### Task inputs ###

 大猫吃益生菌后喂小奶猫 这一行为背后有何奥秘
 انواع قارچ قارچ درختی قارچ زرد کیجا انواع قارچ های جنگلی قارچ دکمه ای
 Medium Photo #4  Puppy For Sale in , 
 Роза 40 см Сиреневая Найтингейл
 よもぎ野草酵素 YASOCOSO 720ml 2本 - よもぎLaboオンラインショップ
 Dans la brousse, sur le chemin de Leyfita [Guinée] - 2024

###
### Task inputs ###

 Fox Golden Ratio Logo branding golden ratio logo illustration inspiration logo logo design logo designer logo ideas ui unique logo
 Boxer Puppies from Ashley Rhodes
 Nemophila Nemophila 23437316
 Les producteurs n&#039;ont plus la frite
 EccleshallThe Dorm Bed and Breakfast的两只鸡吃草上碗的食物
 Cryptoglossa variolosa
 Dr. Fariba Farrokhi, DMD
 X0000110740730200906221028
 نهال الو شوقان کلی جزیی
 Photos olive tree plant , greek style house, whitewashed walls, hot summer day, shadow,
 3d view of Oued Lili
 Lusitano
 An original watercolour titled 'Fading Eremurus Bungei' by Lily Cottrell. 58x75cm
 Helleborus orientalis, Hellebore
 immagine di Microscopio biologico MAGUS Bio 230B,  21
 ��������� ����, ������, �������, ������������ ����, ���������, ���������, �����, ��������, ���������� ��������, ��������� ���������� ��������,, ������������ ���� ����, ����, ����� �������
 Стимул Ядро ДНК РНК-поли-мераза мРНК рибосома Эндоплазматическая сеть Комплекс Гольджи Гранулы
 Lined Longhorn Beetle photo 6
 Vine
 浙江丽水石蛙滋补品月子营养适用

###

Aim of the task: From the records above, repeat exactly the lines from the one with "大猫吃益生菌后喂小奶猫 这一行为背后有何奥秘" through the one with "Dans la brousse, sur", both included.

Written response:
 大猫吃益生菌后喂小奶猫 这一行为背后有何奥秘
 انواع قارچ قارچ درختی قارچ زرد کیجا انواع قارچ های جنگلی قارچ دکمه ای
 Medium Photo #4  Puppy For Sale in , 
 Роза 40 см Сиреневая Найтингейл
 よもぎ野草酵素 YASOCOSO 720ml 2本 - よもぎLaboオンラインショップ
 Dans la brousse, sur le chemin de Leyfita [Guinée] - 2024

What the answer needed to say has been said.